:: DATA SECTION ::
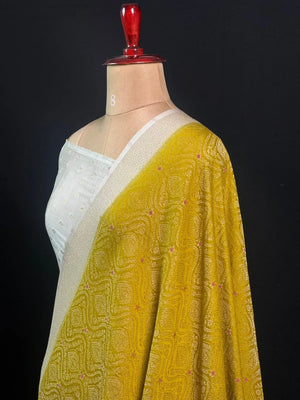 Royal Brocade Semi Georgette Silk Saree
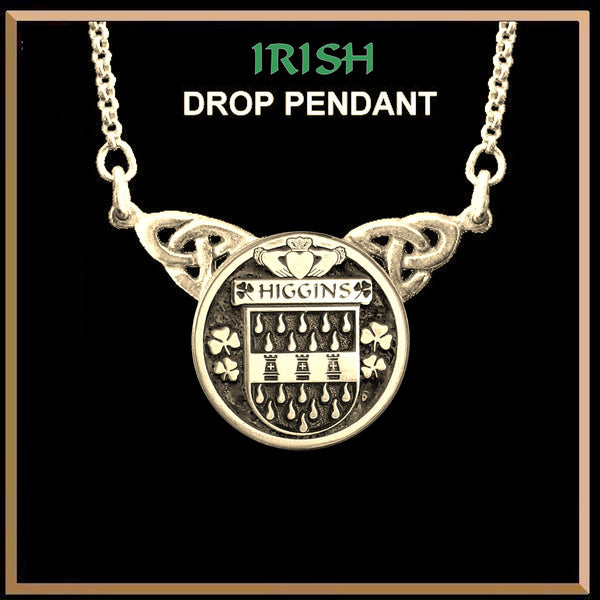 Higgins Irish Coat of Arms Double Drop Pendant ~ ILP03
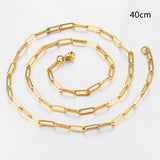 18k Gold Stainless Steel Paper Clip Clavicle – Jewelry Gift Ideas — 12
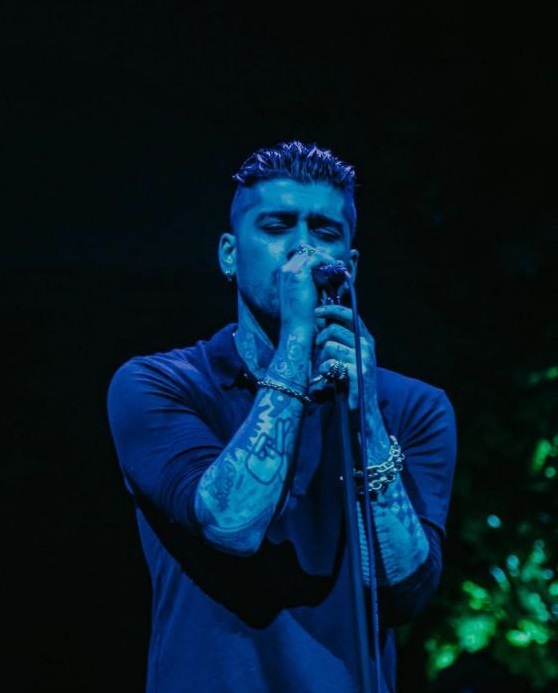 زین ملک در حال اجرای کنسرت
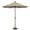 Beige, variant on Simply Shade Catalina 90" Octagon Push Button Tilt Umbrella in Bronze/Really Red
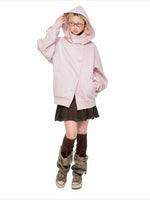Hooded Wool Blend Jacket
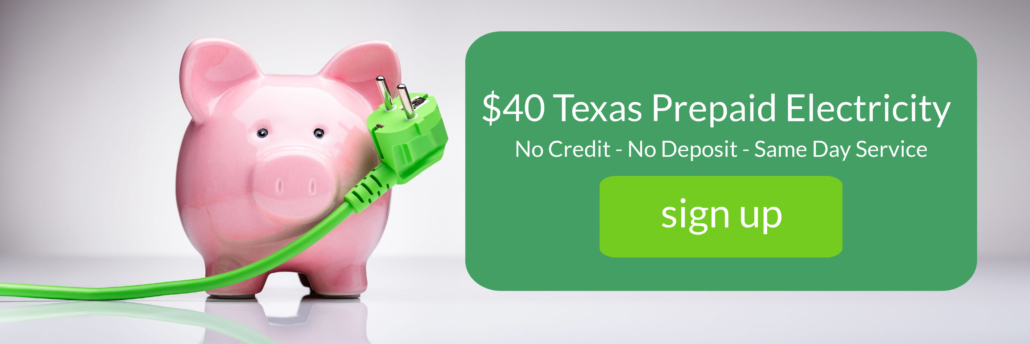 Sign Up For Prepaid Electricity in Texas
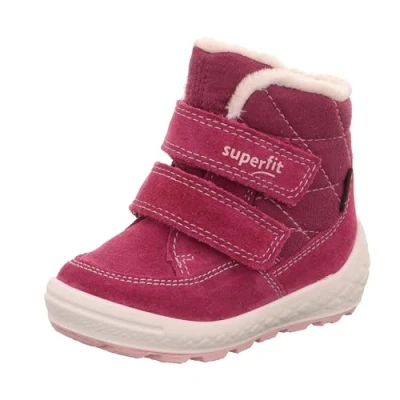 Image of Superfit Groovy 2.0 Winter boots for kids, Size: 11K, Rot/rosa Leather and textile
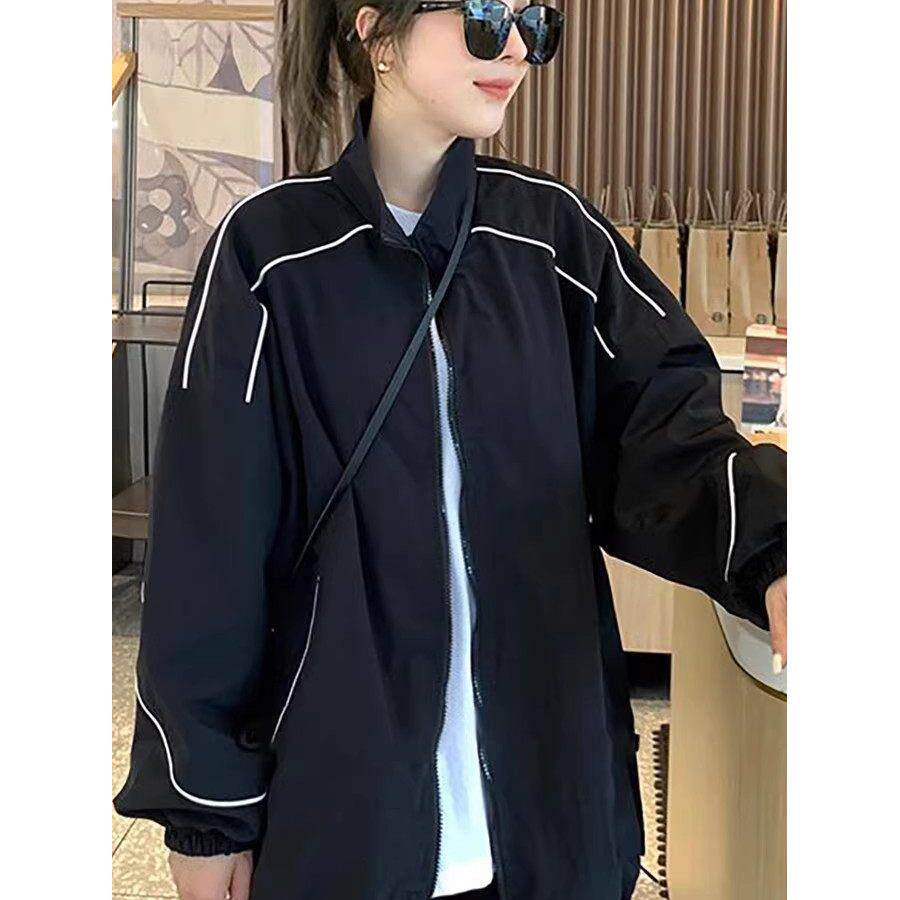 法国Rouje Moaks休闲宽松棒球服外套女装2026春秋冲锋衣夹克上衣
:::
:: DATA SECTION ::
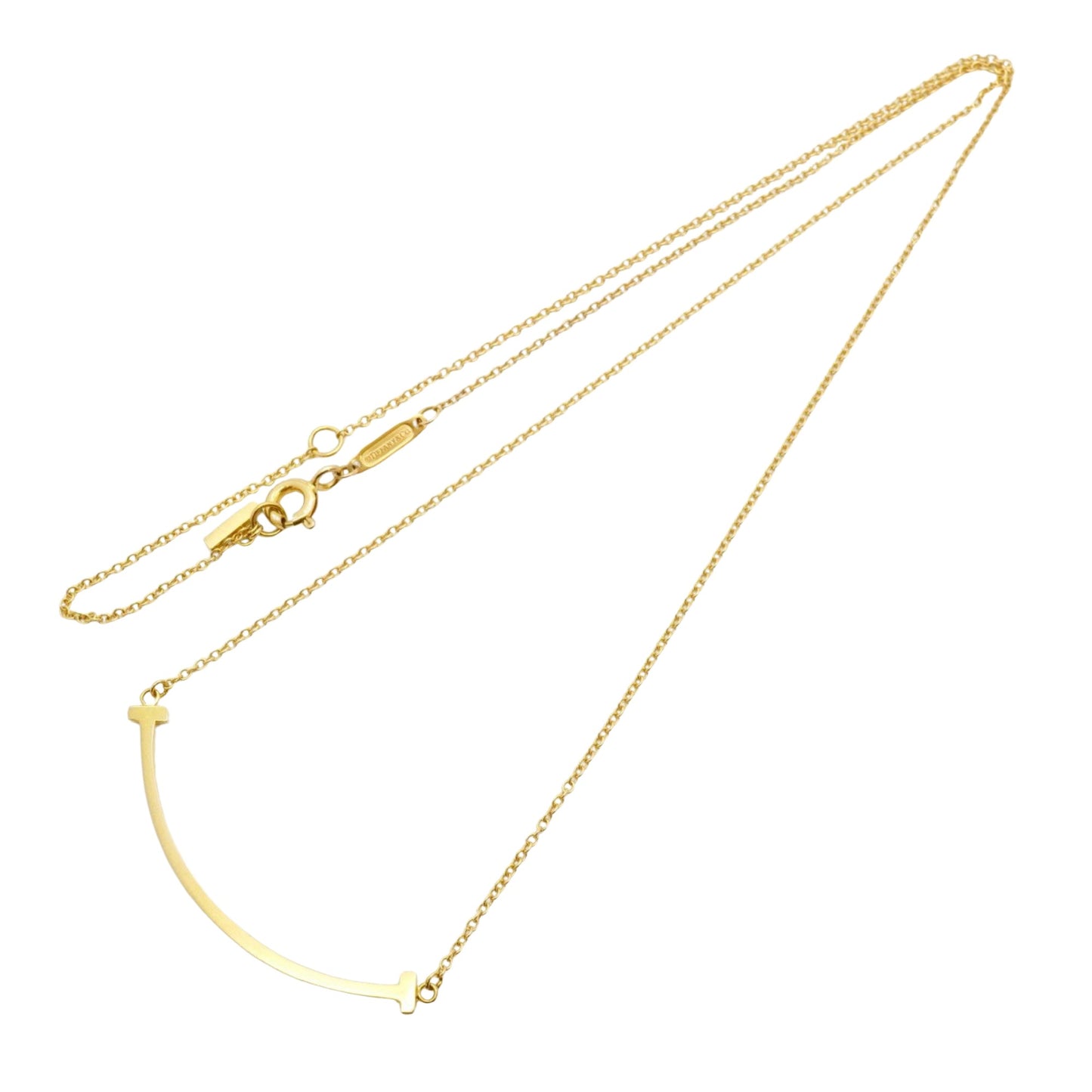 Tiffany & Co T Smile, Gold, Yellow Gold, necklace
:::
:: DATA SECTION ::
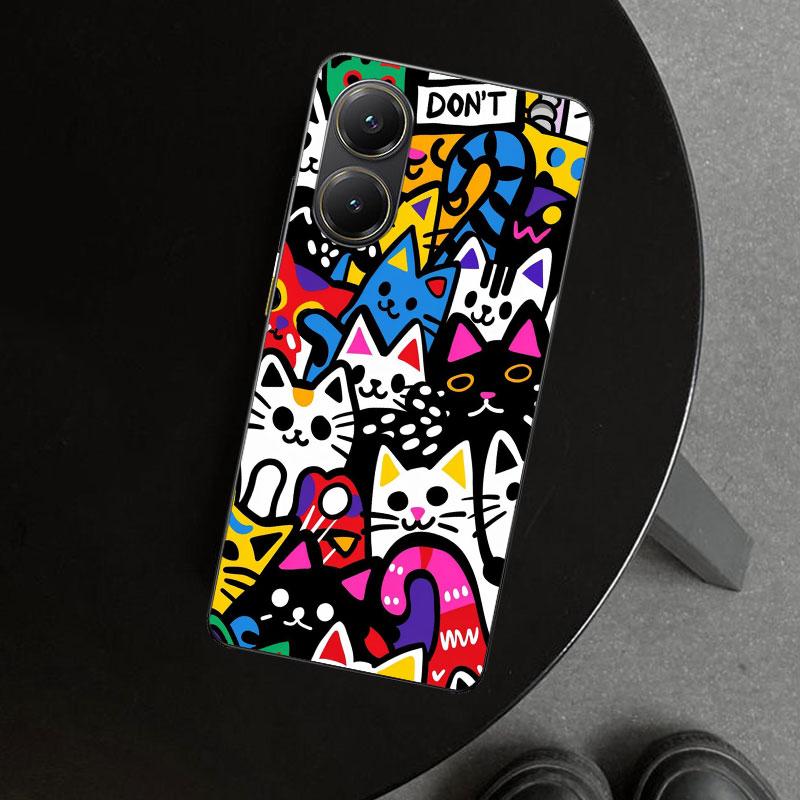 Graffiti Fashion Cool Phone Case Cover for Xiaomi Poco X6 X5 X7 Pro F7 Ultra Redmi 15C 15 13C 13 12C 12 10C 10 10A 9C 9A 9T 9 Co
:::
§ **EXERCISE DIRECTIONS**
Leaving out each picture, repeat exactly the lines above from the one that contains "Royal Brocade Semi Georgette Silk Saree" through the one that contains "法国Rouje Moaks休闲宽松棒球服外套女装2026春秋冲锋衣夹克上衣".

§ **SOLUTION FOR THIS EXERCISE**
 Royal Brocade Semi Georgette Silk Saree
 Higgins Irish Coat of Arms Double Drop Pendant ~ ILP03
 18k Gold Stainless Steel Paper Clip Clavicle – Jewelry Gift Ideas — 12
 زین ملک در حال اجرای کنسرت
 Beige, variant on Simply Shade Catalina 90" Octagon Push Button Tilt Umbrella in Bronze/Really Red
Hooded Wool Blend Jacket
 Sign Up For Prepaid Electricity in Texas
 Image of Superfit Groovy 2.0 Winter boots for kids, Size: 11K, Rot/rosa Leather and textile
 法国Rouje Moaks休闲宽松棒球服外套女装2026春秋冲锋衣夹克上衣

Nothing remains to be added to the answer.